On the Configure Log Format and Filters page, under Log Format, choose Common Log Format as shown in the screenshot preview below.
For Subscription Filter Pattern, enter date, time, misc, and message.

Choose Test Pattern. The screenshot below is a preview of the Configure Log Format and Filters page demonstrating these three steps.
Screenshot of the Configure Log Format and Filters page, showing Common Log Format selected and entering [date, time, misc, message] under Subscription Filter Pattern

Screenshot of the Configure Log Format and Filters page, showing Common Log Format selected and entering [date, time, misc, message] under Subscription Filter Pattern

This step tests the pattern to view how your data is organized. You can use filter patterns to organize the data and segregate each log statement based on the structure of logging. This segregation is useful when creating the visualizations in Kibana.
The following code is an example log statement:

2019-08-08 02:47:24 UTC:72.21.217.47(7556):uadmin_TyOXrDmzkyCdRXcKdMHCnqqVCgZpDBHDLThdSNunLrzHNqFHNxjqxdwj@<dbname>:[11381]:LOG: connection authorized: user=uadmin_TyOXrDmzkyCdRXcKdMHCnqqVCgZpDBHDLThdSNunLrzHNqFHNxjqxdwj database=<dbname> SSL enabled (protocol=TLSv1.2, cipher=ECDHE-RSA-AES256-GCM-SHA384, compression=off)

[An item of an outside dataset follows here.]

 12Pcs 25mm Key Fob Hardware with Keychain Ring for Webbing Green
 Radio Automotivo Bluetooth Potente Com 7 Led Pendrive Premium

After you apply the filter, the preceding statement is stored as the following:

date=August 7th 2019, 
time=02:47:24, 
misc=UTC:72.21.217.47(7556):uadmin_TyOXrDmzkyCdRXcKdMHCnqqVCgZpDBHDLThdSNunLrzHNqFHNxjqxdwj@<dbname>:[11381]:LOG:, 
message=connection authorized: user=uadmin_TyOXrDmzkyCdRXcKdMHCnqqVCgZpDBHDLThdSNunLrzHNqFHNxjqxdwj database=<dbname> SSL enabled (protocol=TLSv1.2, cipher=ECDHE-RSA-AES256-GCM-SHA384, compression=off)

Choose Next.
Choose Review.
Choose Start streaming.

Modifying the index name pattern in AWS Lambda

To modify your index name pattern in AWS Lambda, complete the following steps:

Open the Lambda console.
Choose the new function that was automatically created by the previous step (for example, LogsToElasticsearchEx_my-elk-stack_<account-number>).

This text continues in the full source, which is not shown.